Within hours, the Montana Freedom Caucus, a coalition of conservative lawmakers, posted a statement calling on Zephyr to be censured—misgendering her in the process. Their reasoning was that in advocating for the lives of trans children, Zephyr “attempted to shame the Montana legislative body” and used “inappropriate and uncalled-for language.”
The caucus went on to link Zephyr to the Nashville shooter—again, for saying that trans kids should have access to healthcare. “This kind of hateful rhetoric from an elected official is exactly why tragedies such as the Covenant Christian School shooting in Nashville occurred,” they said.

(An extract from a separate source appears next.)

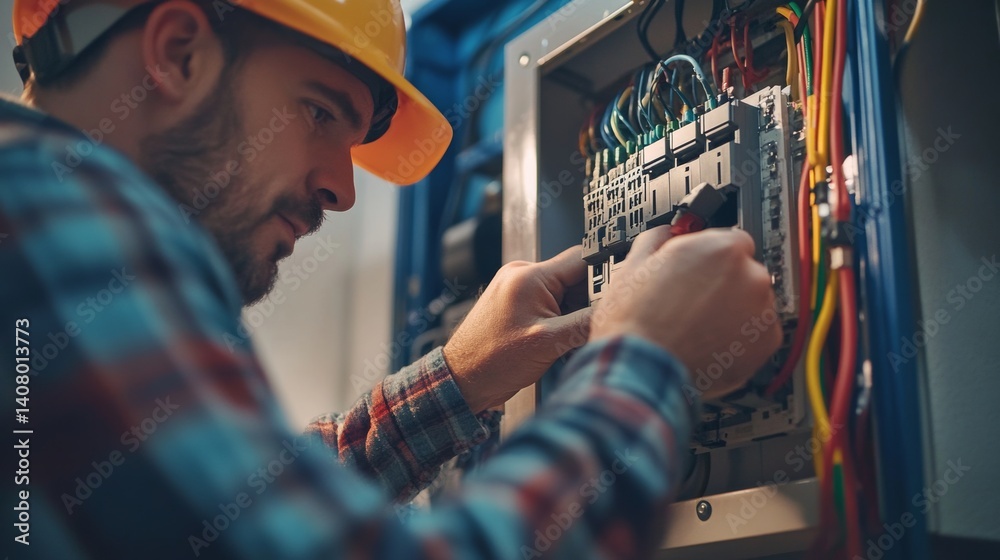 Electrician rewiring electrical panel in a basement. Featuring technical skill and precision Electrician rewiring electrical panel in a basement. Featuring technical skill and precision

In the hours after the shooting, authorities identified the shooter as transgender and have since offered no further information about how they’d made that determination. The incident has quickly become a common right-wing talking point for linking trans people with violence—even though nearly all mass shootings are disproportionately perpetrated by cisgender men.
Zephyr responded to the call for censure with a tweet standing by her words. “When I said there is blood on their hands, I meant it,” she wrote. “All legislators (& the Gov) received a letter from an ER doctor who dealt w/ a suicide attempt from a trans teen who cited OUR LEGISLATURE as a factor in their suicidality. ‘My state doesn’t want me,’ is what they said.”